- The Belgian-born French singer, actress, and nightclub impresario Regine Zylberberg (known simply as Regine), a trailblazer of nightclubbing, died on May 1 at the age of 92.
- As a 23-year-old in 1953, the self-declared “the Queen of the Night“ revolutionised club dancing at the Whisky à Gogo.
- The success of this new club format prompted her to open her first Chez Regine club in Paris in 1957, widely regarded as the world’s first discotheque.
The entertainment world has been paying tribute to the woman who is credited with opening the world’s first-ever discotheque and pioneering a clubbing format that influenced generations of revellers around the globe.
The Belgian-born French singer, actress, and nightclub impresario Regine Zylberberg (known simply as Regine), a trailblazer of nightclubbing, died on May 1 at the age of 92.
As a 23-year-old in 1953, the self-declared “the Queen of the Night“ revolutionised club dancing at the Whisky à Gogo, one of the first popular postwar clubs in Paris by installing a linoleum dance floor and replacing the jukebox with disc jockeys playing records on two turntables.
Instead of the silence between the songs from the jukebox, the music now played non-stop. It was an era-defining switch that gave birth to disco and would etch the name of Regine into the folklore of popular culture.
She recalled juggling the different roles of “barmaid, doorman, bathroom attendant, hostess, and the first-ever club disc jockey.”
The success of this new club format prompted her to open her first Chez Regine club in Paris in 1957, widely regarded as the world’s first discotheque, with the financial support of some of the influential contacts she had made.
It quickly established itself as the favourite haunt for celebrities, socialites, royalty, and other privileged clients. It was a fascinating night-life experience; for the first time, revellers danced to recorded music, not live bands, and could buy bottles of liquor instead of cocktails.
The bubbly, petite crimson-haired impresario was the centre of attraction, clad in designer gowns and teaching famous guests like actor Charlie Chaplin and the Duke of Windsor, how to dance the twist, rumba, cha-cha, merengue, and the hula-hoop.
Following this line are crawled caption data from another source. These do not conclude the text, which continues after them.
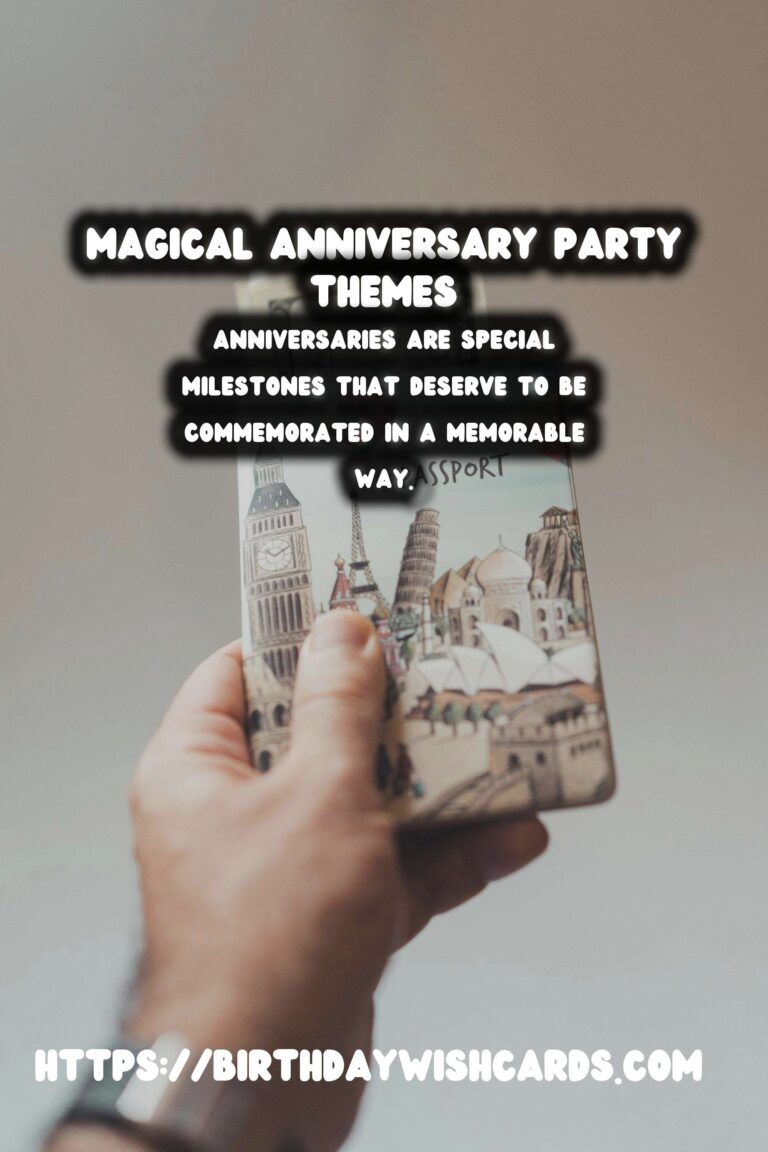 10 Magical Anniversary Party Theme Ideas for Unforgettable Celebrations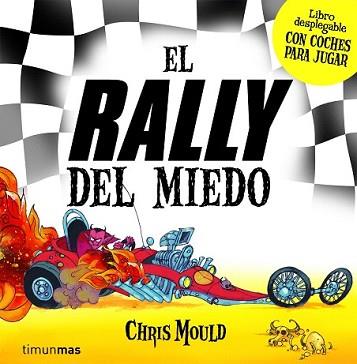 RALLY DEL MIEDO, EL | 9788408079385 | MOULD, CHRIS | Llibreria L'Illa - Llibreria Online de Mollet - Comprar llibres online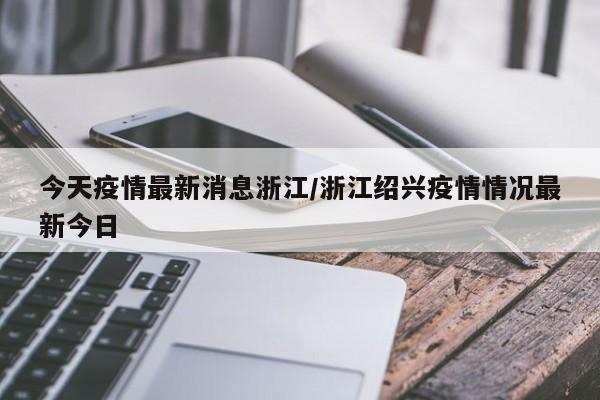 今天疫情最新消息浙江/浙江绍兴疫情情况最新今日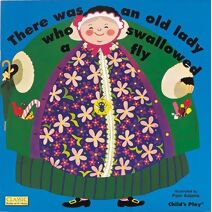 There Was an Old Lady Who Swallowed a Fly (Classic Books with Holes Big Book)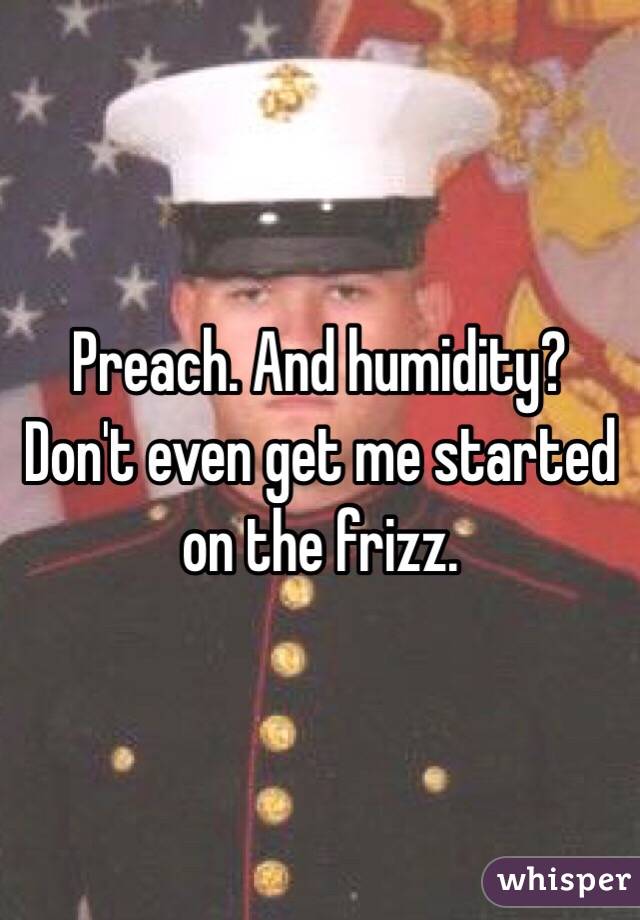 Preach. And humidity? Don't even get me started on the frizz. 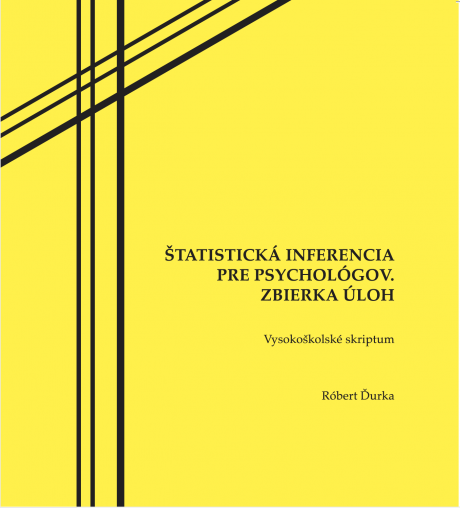 Štatistická inferencia pre psychológov. Zbierka úloh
“If you can’t dance, you can’t make love,” she quipped in 2015.
Regine wrote in her memoir that she wanted “to make the night sparkle and to become, as far as I could, a sort of high priestess of the here and now.”
She built on this success and expanded her branded clubs to other leading cities around the world.
At the height of her influence in the 1970s, there were more than 20 Regine franchises across three continents, Europe, the Americas, and the Middle East.
The Regine clubs were opened in Paris, New York, Rio de Janeiro, London, Los Angeles, Miami, Cairo, Kuala Lumpur and other capitals.
She would draw up a list of the jet-set in each of the cities where she opened a club, to be targeted as clientele or financiers. According to her, all she invested in the clubs was her name, and some of them were franchises owned by entrepreneurs.
With 20,000 people paying $1,000 (Sh115,850) annual gold membership, the clubs reportedly grossed over $500 million (Sh57.9 billion) a year at the peak of their success.
“There was a mix,” she said of her clientele. “People with no names coming to see the people with names.”
The Chez Regine enforced a strict dress code of tuxedos and evening gowns. Even the famous Mick Jagger of the Rolling Stones fell victim to the admission rules when he was denied entry into the New York Regine’s in 1976 for turning up in sneakers and no tie.
Regine also became a one-hit-wonder making it into the pop charts in 1978 with a French version of Gloria Gaynor’s disco hit “I Will Survive”. She appeared in several TV shows and films, opened cafés, and her apparel and perfume lines.
By the 1990s, changing night-life trends had taken a toll on the once-famous clubs and all that remained of Regine’s international empire was a handful of establishments in France, one in Istanbul, and a restaurant in New York.
The child of Jewish emigrants from Poland, Rachelle Zylberberg was born in Belgium on December 26, 1929. Her family moved to Paris in 1932 and were forced to hide in a convent from the Nazi onslaught in occupied France during World War II.
Regine received the highest French order of merit, the Legion of Honor, from President Nicolas Sarkozy in 2008. She continued to perform on stage and manage a handful of clubs well into her 80s, famously saying there was no rush to retirement.
“This life is about fate,” she told the New York magazine in 1999. “Even when I was a little girl, I would tell everybody that I would one day have a big nightclub and rule the world. I always knew I would be a legend.